START COLLECTED DATA

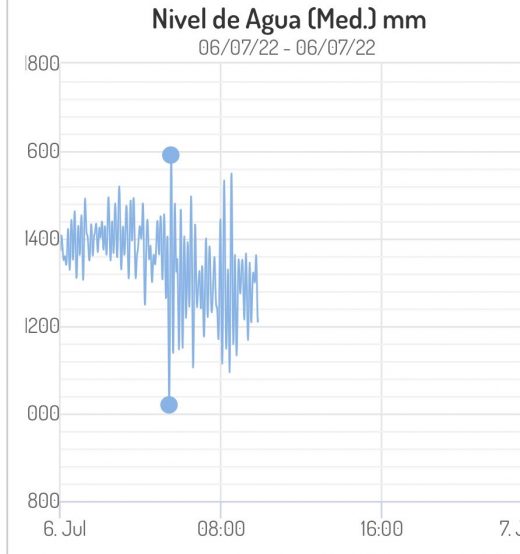 Registro de la rissaga detectado por PortsIB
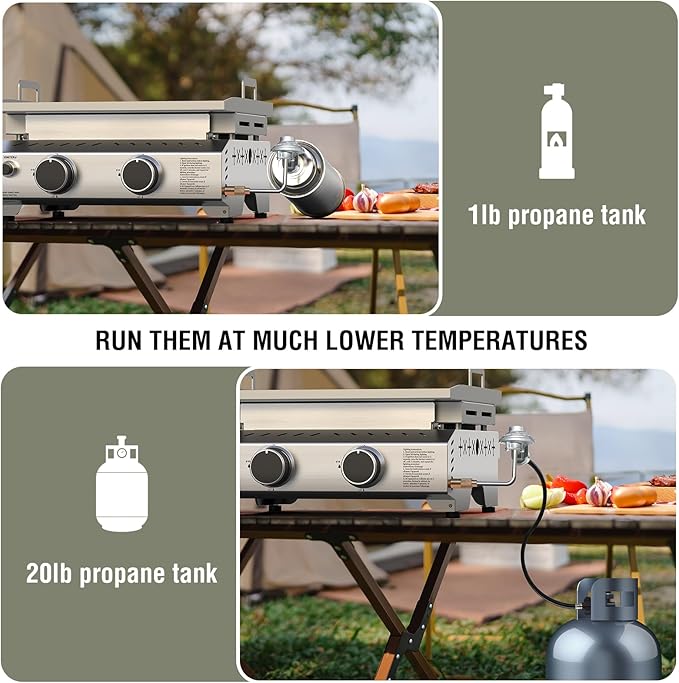 Electactic Portable 2 Burner Flat Top Grill, 23" Table Top Gas with Handle, 333 Sq. In. Cooking Area, 16000 BTU Outdoor Griddle for Kitchen, BBQ, Camping, Stainless Steel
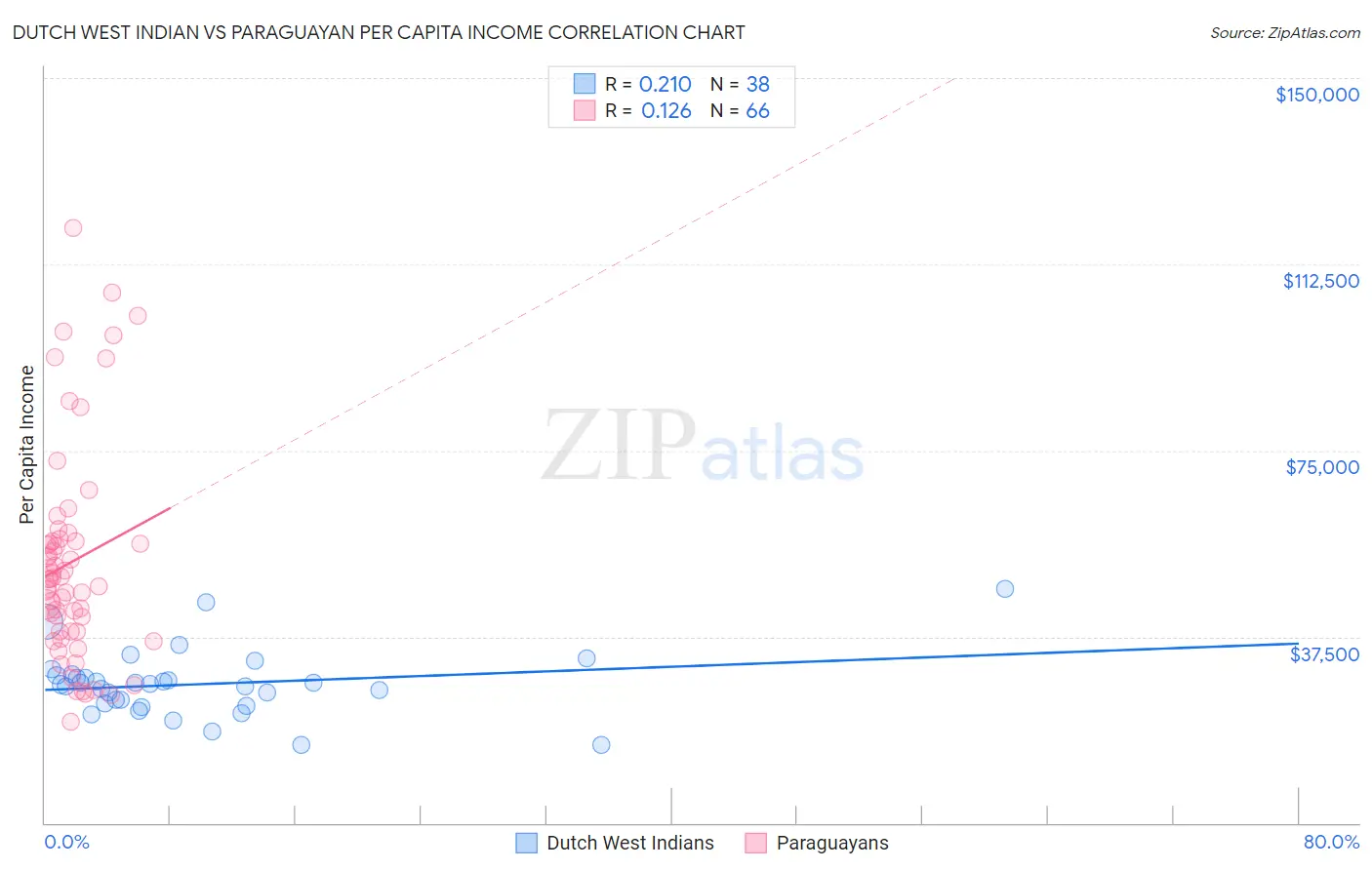 Dutch West Indian vs Paraguayan Per Capita Income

END COLLECTED DATA

§ **AIM OF THE TASK**
In your answer, give every line of the listing above exactly, and do not include the images.

§ **REPLY TO THE EXERCISE**
 Registro de la rissaga detectado por PortsIB
 Electactic Portable 2 Burner Flat Top Grill, 23" Table Top Gas with Handle, 333 Sq. In. Cooking Area, 16000 BTU Outdoor Griddle for Kitchen, BBQ, Camping, Stainless Steel
 Dutch West Indian vs Paraguayan Per Capita Income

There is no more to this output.